CVE-2025-32089
A buffer overflow vulnerability exists in the CvManager_SBI functionality of Dell ControlVault3 5.14.3.0 and 5.15.10.14, A31. A specially crafted ControlVault API call can lead to a arbitrary code execution. An attacker can issue an api call to trigger this vulnerability.
The versions below were either tested or verified to be vulnerable by Talos or confirmed to be vulnerable by the vendor.
Broadcom BCM5820X
Dell ControlVault3 5.14.3.0
Dell ControlVault3 5.15.10.14, A31
ControlVault3 - https://dell.com/ BCM5820X - https://www.broadcom.com/products/embedded-and-networking-processors/secure/bcm5820x
8.8 - CVSS:3.1/AV:L/AC:L/PR:L/UI:N/S:C/C:H/I:H/A:H
CWE-120 - Buffer Copy without Checking Size of Input (‘Classic Buffer Overflow’)

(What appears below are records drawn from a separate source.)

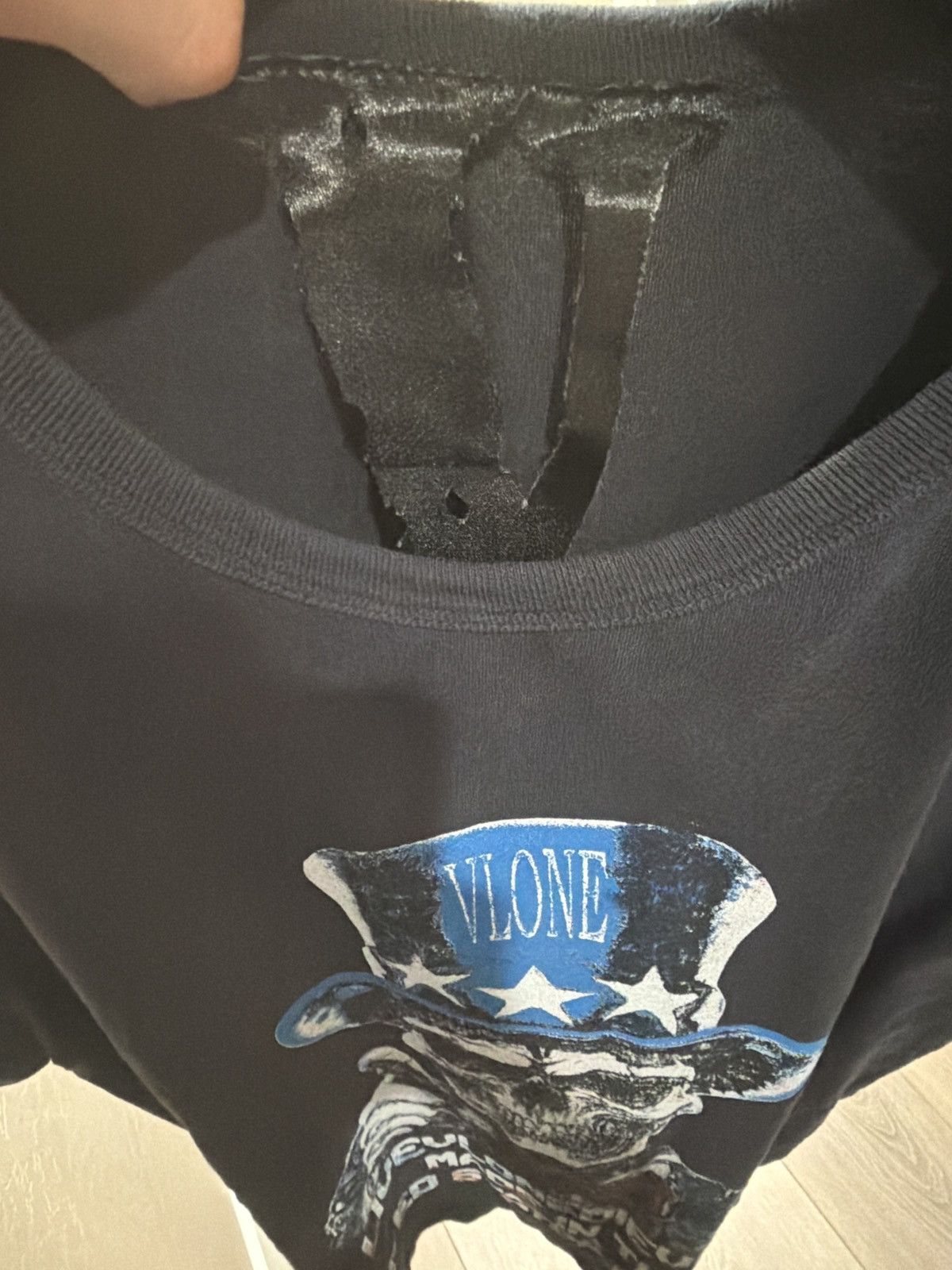 Vlone Vlone New Season Large Mens Uncle Sam Made in USA T Shirt Size US L / EU 52-54 / 3 - 3 Thumbnail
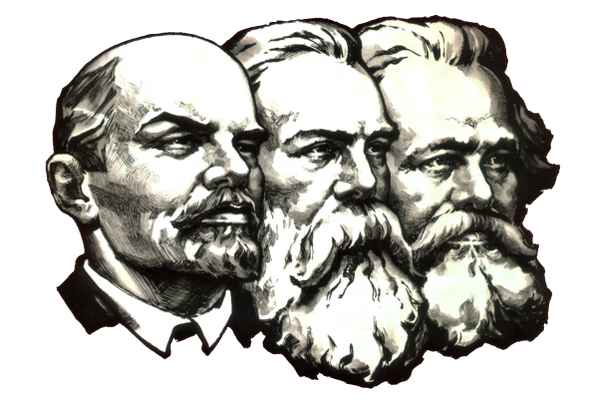 Карл Маркс, Ленин и Фридрих Энгельс: что их объединяет?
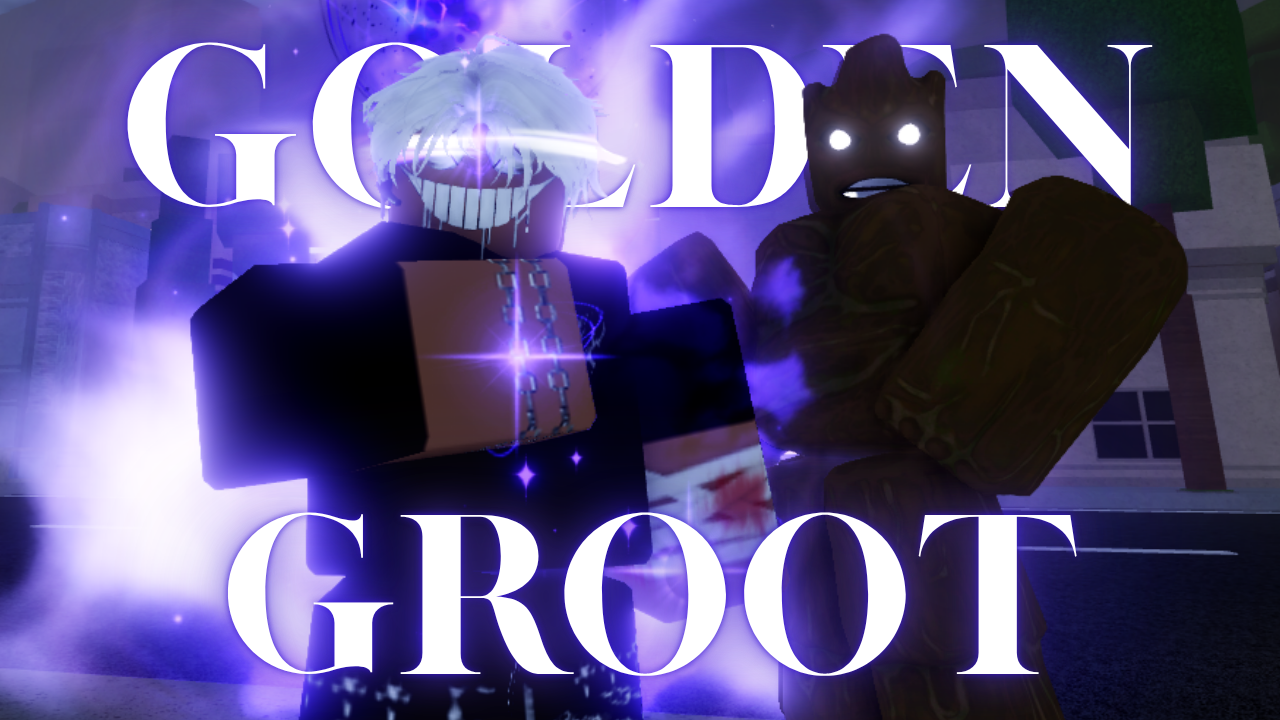 Unusual Gold Experience: Groot Pattern 49 Discord Charm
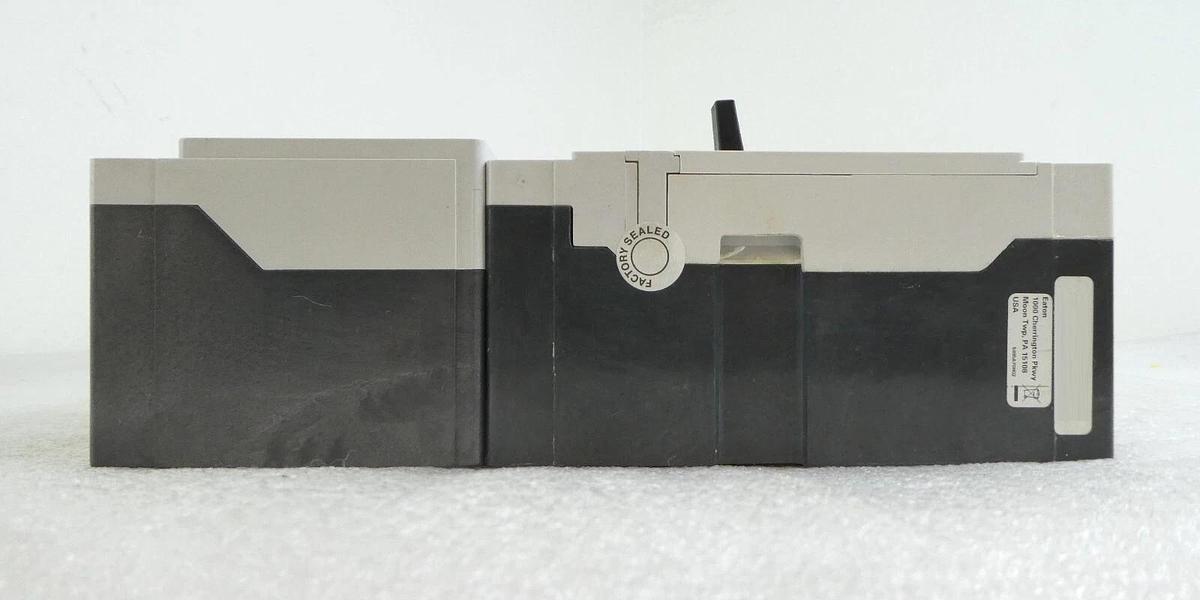 Used Eaton JGH3250NN 3 Pole Industrial Circuit Breaker J250H ELJBN3250W Working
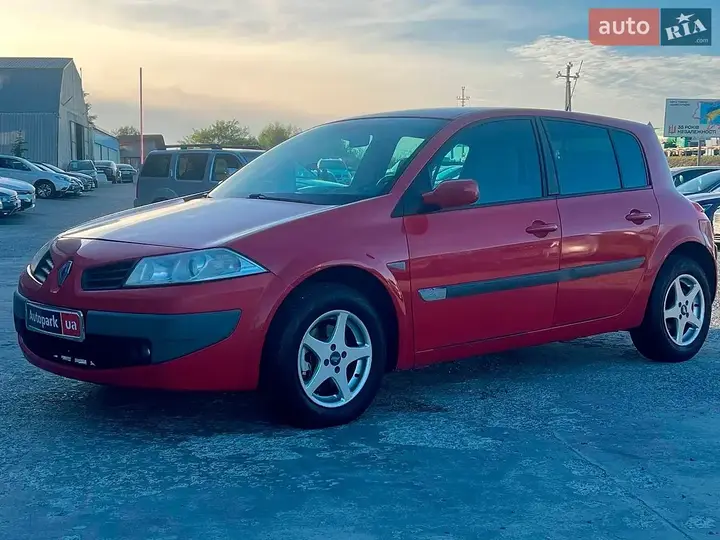 Renault Megane 2006 photo 3
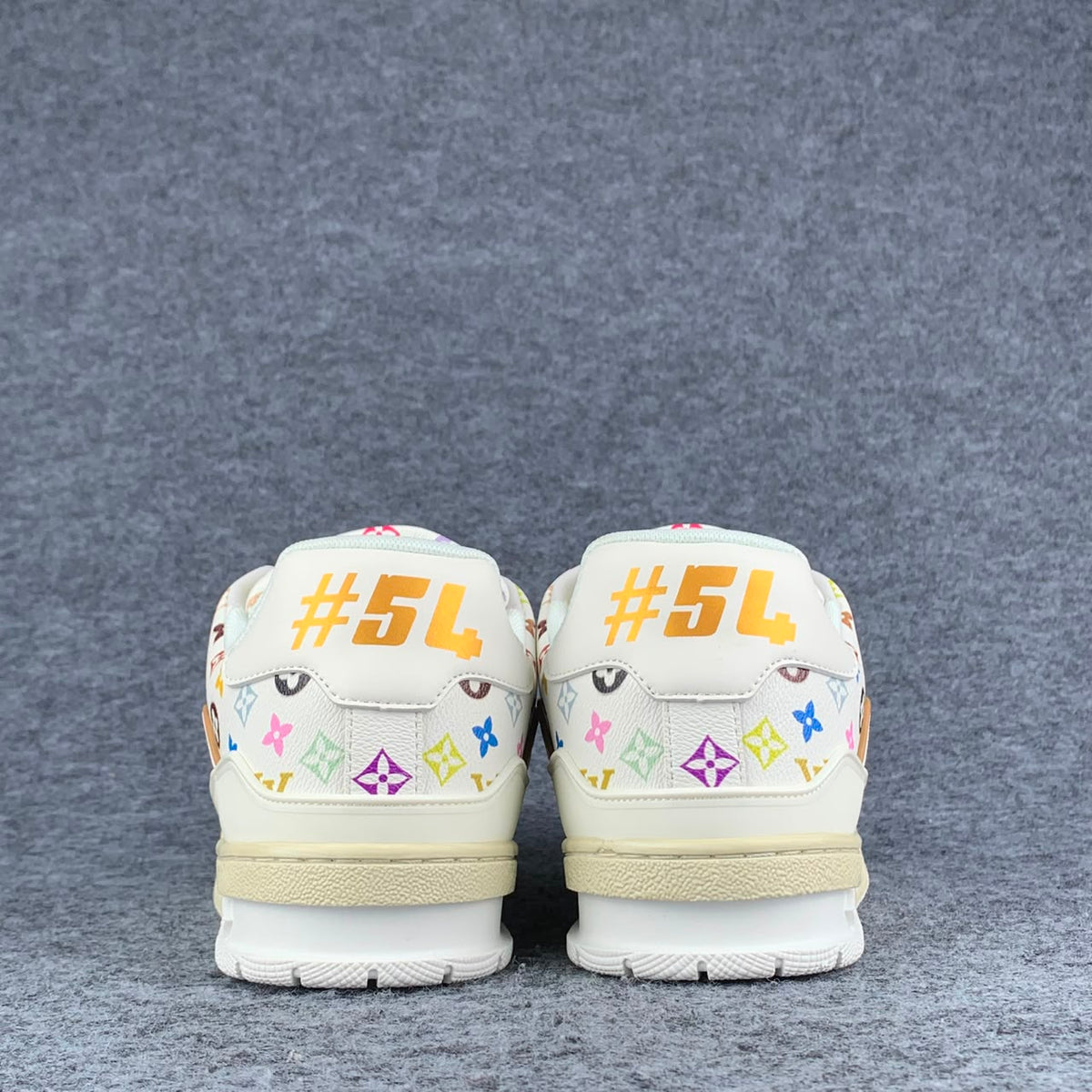 Takashi Murakami x LV Trainer 'White' (B-Grade Version)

Dell ControlVault is a hardware based solution that can securely store passwords, biometric templates and security codes. It can interface with smart cards, Near-field Communication (NFC) devices and fingerprint readers. The hardware solution is based on the Broadcom BCM5820X chip series.
On Windows, any low privilege user can interface with the ControlVault3 hardware. In order to do so, a userland dll bcmbipdll.dll can be used to talk with the device driver cvusbdrv.sys which in turns talk over USB to the ARM firmware running on the BCM5820X chip implementing the secure context.
If no Application firmware is installed (or during the firmware upgrade process that erase the application firmware) the SBI (Secure Boot Image) can be interfaced with in the same fashion, but will only expose a limited number of commands that can be interacted with.
When a command blob is received from the USB stack, the firmware will read it into a global buffer (possibly called CV_SECURE_IO_COMMAND_BUF), then will verify a few parameters [0] (e.g. command size, type, …).
For reference, the ControlVault USB commands have a header as follow (source: debug symbols included in libfprint-2-tod-1-broadcom.so ):
struct td_cv_encap_command
{
cv_transport_type transportType;
uint32_t transportLen;
cv_command_id commandID;
cv_encap_flags flags;
cv_version version;
uint32_t hSession;
cv_status returnStatus;
uint8_t IV[16];
uint32_t parameterBlobLen;
uint32_t parameterBlob;
};
The verification function does the following:
// a1 is CV_SECURE_IO_COMMAND_BUF
int __fastcall cv_is_cmd_valid(int a1, unsigned int a2, int a3) {
/* more checks */
v5 = *(unsigned __int8 *)(a1 + 4) | (*(unsigned __int8 *)(a1 + 5) << 8) | (*(unsigned __int8 *)(a1 + 6) << 16) | (*(unsigned __int8 *)(a1 + 7) << 24); // [0]
if ( v5 > 0x10080 )
{
log_stuff("CV: command too long (%u)\n", v5);
return 0;
}
}
Upon success, the command will be passed to the CvManager_SBI function that acts as a command dispatcher. However, before processing the command, CvManager_SBI will copy the command from the CV_SECURE_IO_COMMAND_BUF into a different global buffer we call cv_cmd_buffer ([1]):
int cvManager_SBI()
{
/* Variable definition and initialization */
memcpy((int)cv_cmd_buffer, CV_SECURE_IO_COMMAND_BUF, *(int *)&CV_SECURE_IO_COMMAND_BUF[4]); //[1]
if ( *(unsigned __int16 *)&cv_cmd_buffer[8] != 68 && *(unsigned __int16 *)&cv_cmd_buffer[8] != 144 )
log_stuff("%s: cid %x \n", "cvManager_SBI", *(unsigned __int16 *)&cv_cmd_buffer[8]);
v16 = *(_WORD *)&cv_cmd_buffer[10];
/* ... */
}
The integer value stored at CV_SECURE_IO_COMMAND_BUF[4] is the transportLen size received over USB and it is the value used for the memcpy at [1]. It is also the value retrieved in v5 and checked at [0]. We can see at [0] that the maximum size allowed for the command blob is 0x10080 however the size of the cv_cmd_buffer is only 4096 bytes. As such, it is possible to send a command that will still be considered valid at [0] but will cause a buffer overflow at [1]. The cv_cmd_buffer is stored in global memory and adjacent to critical data structures such as the Secure Code Descriptor (SCD) containing the public key used to verify a firmware update. As such, it is possible to overflow the cv_cmd_buffer with attacker controlled data that can forge the SCD, overwriting the public key used to verify a firmware update, and thus forge an application firmware update that will be considered as valid.
2025-05-09 - Vendor Disclosure
2025-06-13 - Vendor Patch Release
2025-11-17 - Public Release
Discovered by Philippe Laulheret of Cisco Talos.